I am wondering about this because I read a book on harmonic analysis in which the convergence of $\sum_{n=1}^\infty |f_n|^\beta<\infty$ is studied where $f_n$ are the Fourier coefficients of some function $f$. For $\beta=1$ this is clearly interesting because it implies uniform convergence of the Fourier series but the book also gives results for $\beta<1$ and I am unsure how this is relevant to the actual approximation theory? Does the convergence of this series imply any "better" qualities for the Fourier approximation? If not, why are these results even mentioned?
For refrence the book is "Commutative Harmonic Analysis IV" by V.P. Khavin and N.K. Nikol'skiǐ.
If this is a common question studied within harmonic analysis I would be more then thankful for any book or paper refrences, my search so far has only come up with convergence results for above series under certain conditions. I havn't found any explanations of what that convergence actually means.
I'll assume throughout that $a_n\ge0$. Define $E_\beta(x) = \sum_{n>x} a_n^\beta$, so that the convergence of $\sum_{n=1}^\infty a_n$ is equivalent to $E_\beta(x) \to 0$ as $x\to\infty$. I interpret your question to be: what can we say about $E_1(x)$ in terms of $E_\beta(x)$ alone? A slight elaboration of your argument shows that $E_1(x)/E_\beta(x) \to 0$; can we say anything stronger?
In general, I believe the answer is no. (I'm writing this quickly, so double-checking will be welcome.) In other words, given any function $d(x)$ decaying to $0$, no matter how slowly, we should be able to find an example of a sequence $\{a_n\}$ such that $E_1(x)/E_\beta(x) > d(x)$ for all sufficiently large $x$. Indeed, I think an example can be found using a fixed convergent series like $1/n^2$, but spreading the positive terms out by inserting longer and longer strings of $0$s between the positive terms.

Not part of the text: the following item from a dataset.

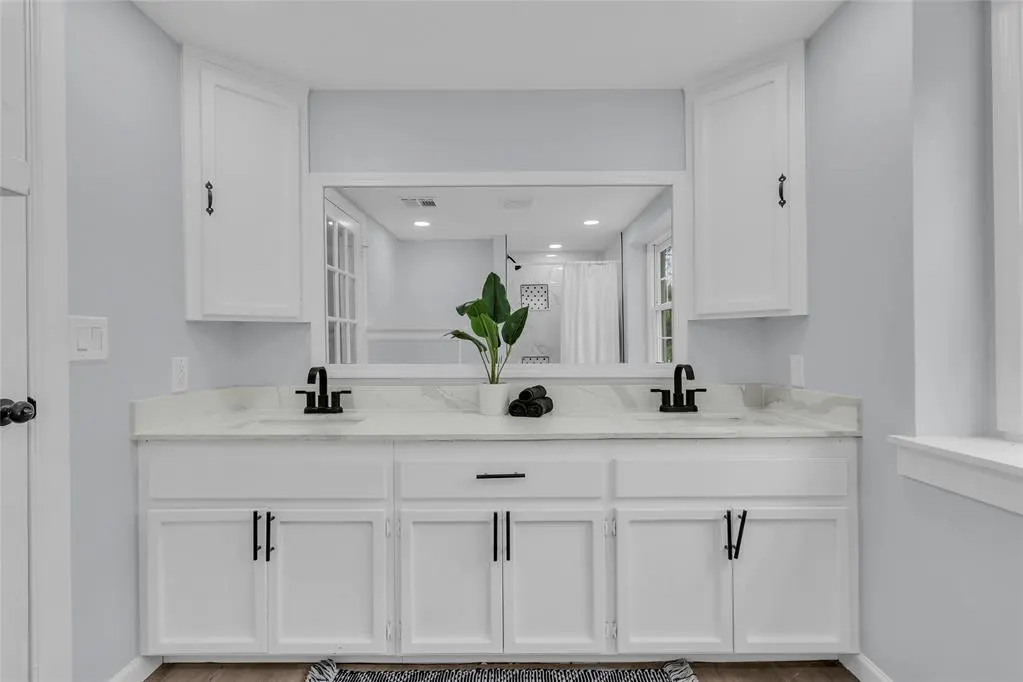 Photo 29 — 101 Jordan Way, Pauls Valley, OK 73075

So we would need additional information to get better bounds. A natural quantity to consider is $M(x) = \max\{a_n\colon n>x\}$, which must tend to $0$ since $\sum a_n$ converges. (If $a_n$ is decreasing then $M(x)$ is simply $a_{\lfloor x\rfloor+1}$.) It's clear that $$ E_1(x) = \sum_{n>x} a_n = \sum_{n<x} a_n^{1-\beta} a_n^\beta \le M(x)^{1-\beta} \sum_{n<x} a_n^\beta = M(x)^{1-\beta} E_\beta(x), $$ which is a quantitative improvement over the mere $E_1(x)/E_\beta(x) \to 0$. I suspect that nothing better than $E_1(x) \le M(x)^{1-\beta} E_\beta(x)$ (other than perhaps a multiplicative constant) is true in general: it is already the correct order of magnitude when $a_n$ is polynomially decaying and when $a_n$ is exponentially decaying.